▸ Exercise
Please give back, exactly as written, the lines from the line with "Die Feuerwehr hat" to the line with "Ζεύγος που περπατά" in the listing below, leaving out all pictures.
--- Data supplied ---
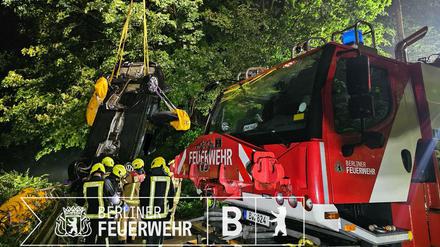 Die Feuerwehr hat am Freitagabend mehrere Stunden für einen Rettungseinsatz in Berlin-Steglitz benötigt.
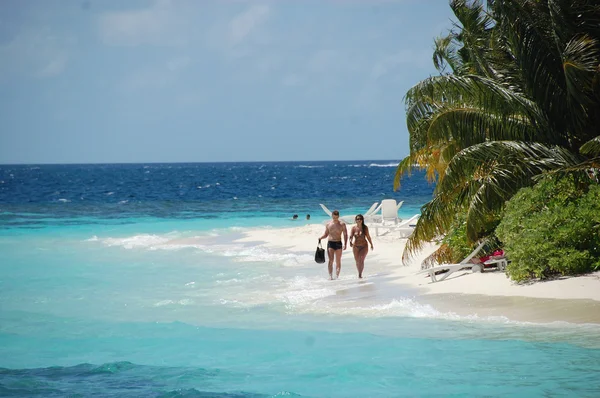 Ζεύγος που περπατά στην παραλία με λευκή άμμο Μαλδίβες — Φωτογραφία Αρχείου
---
--- Data supplied ---
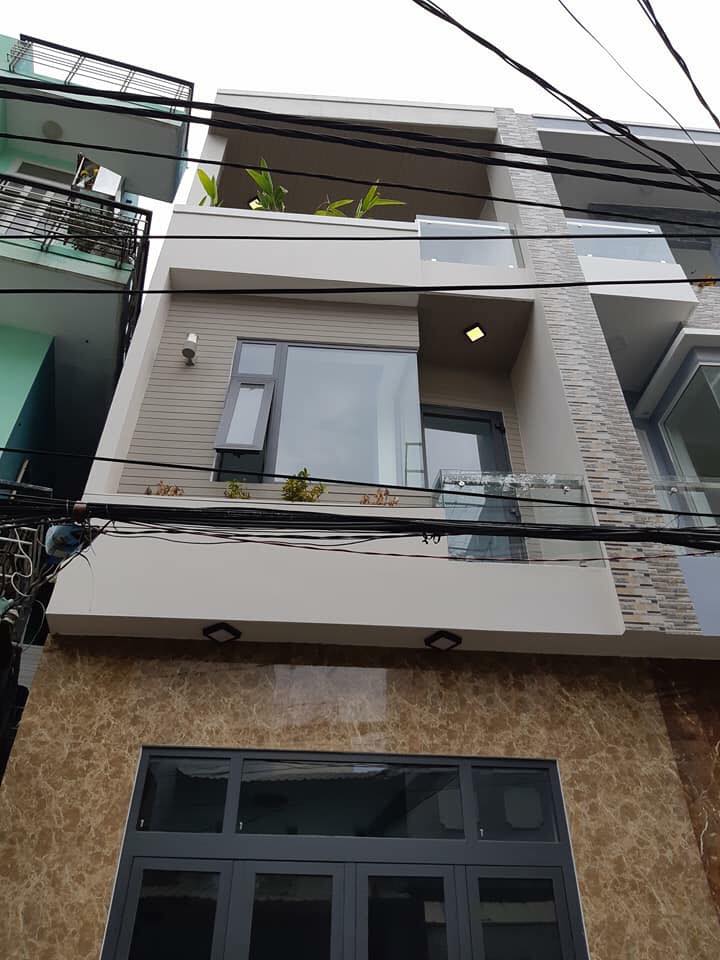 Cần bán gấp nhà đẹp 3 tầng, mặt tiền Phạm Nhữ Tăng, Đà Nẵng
---
▸ Reply
 Die Feuerwehr hat am Freitagabend mehrere Stunden für einen Rettungseinsatz in Berlin-Steglitz benötigt.
 Ζεύγος που περπατά στην παραλία με λευκή άμμο Μαλδίβες — Φωτογραφία Αρχείου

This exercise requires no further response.